▶ _Directions for this task_:
Write out the records below once more, exactly as they stand.

▶ _Material supplied_:
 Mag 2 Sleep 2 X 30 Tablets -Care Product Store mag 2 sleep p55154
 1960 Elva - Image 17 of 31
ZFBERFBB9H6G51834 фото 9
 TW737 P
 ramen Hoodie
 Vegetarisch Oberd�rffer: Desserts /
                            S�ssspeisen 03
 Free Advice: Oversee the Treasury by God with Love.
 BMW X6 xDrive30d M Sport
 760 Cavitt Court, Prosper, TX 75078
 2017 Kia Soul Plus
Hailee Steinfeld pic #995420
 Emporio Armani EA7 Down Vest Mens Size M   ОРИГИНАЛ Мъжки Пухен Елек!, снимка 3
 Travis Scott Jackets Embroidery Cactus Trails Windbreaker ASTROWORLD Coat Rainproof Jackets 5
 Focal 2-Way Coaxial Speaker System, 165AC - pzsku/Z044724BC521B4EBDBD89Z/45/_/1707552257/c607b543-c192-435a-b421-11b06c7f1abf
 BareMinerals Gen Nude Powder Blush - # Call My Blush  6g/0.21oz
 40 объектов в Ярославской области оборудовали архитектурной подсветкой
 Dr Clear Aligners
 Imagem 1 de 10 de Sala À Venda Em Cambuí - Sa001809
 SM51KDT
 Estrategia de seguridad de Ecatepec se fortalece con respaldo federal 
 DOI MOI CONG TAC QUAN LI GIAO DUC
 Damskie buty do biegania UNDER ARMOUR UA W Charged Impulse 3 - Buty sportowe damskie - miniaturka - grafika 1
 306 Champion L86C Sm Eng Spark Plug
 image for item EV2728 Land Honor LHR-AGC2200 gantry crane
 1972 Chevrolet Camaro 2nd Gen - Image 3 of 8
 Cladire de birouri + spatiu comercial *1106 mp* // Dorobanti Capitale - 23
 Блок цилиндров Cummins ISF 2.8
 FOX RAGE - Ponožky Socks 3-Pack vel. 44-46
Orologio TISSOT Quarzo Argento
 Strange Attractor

▶ _Answer to this task_:
 Mag 2 Sleep 2 X 30 Tablets -Care Product Store mag 2 sleep p55154
 1960 Elva - Image 17 of 31
ZFBERFBB9H6G51834 фото 9
 TW737 P
 ramen Hoodie
 Vegetarisch Oberd�rffer: Desserts /
                            S�ssspeisen 03
 Free Advice: Oversee the Treasury by God with Love.
 BMW X6 xDrive30d M Sport
 760 Cavitt Court, Prosper, TX 75078
 2017 Kia Soul Plus
Hailee Steinfeld pic #995420
 Emporio Armani EA7 Down Vest Mens Size M   ОРИГИНАЛ Мъжки Пухен Елек!, снимка 3
 Travis Scott Jackets Embroidery Cactus Trails Windbreaker ASTROWORLD Coat Rainproof Jackets 5
 Focal 2-Way Coaxial Speaker System, 165AC - pzsku/Z044724BC521B4EBDBD89Z/45/_/1707552257/c607b543-c192-435a-b421-11b06c7f1abf
 BareMinerals Gen Nude Powder Blush - # Call My Blush  6g/0.21oz
 40 объектов в Ярославской области оборудовали архитектурной подсветкой
 Dr Clear Aligners
 Imagem 1 de 10 de Sala À Venda Em Cambuí - Sa001809
 SM51KDT
 Estrategia de seguridad de Ecatepec se fortalece con respaldo federal 
 DOI MOI CONG TAC QUAN LI GIAO DUC
 Damskie buty do biegania UNDER ARMOUR UA W Charged Impulse 3 - Buty sportowe damskie - miniaturka - grafika 1
 306 Champion L86C Sm Eng Spark Plug
 image for item EV2728 Land Honor LHR-AGC2200 gantry crane
 1972 Chevrolet Camaro 2nd Gen - Image 3 of 8
 Cladire de birouri + spatiu comercial *1106 mp* // Dorobanti Capitale - 23
 Блок цилиндров Cummins ISF 2.8
 FOX RAGE - Ponožky Socks 3-Pack vel. 44-46
Orologio TISSOT Quarzo Argento
 Strange Attractor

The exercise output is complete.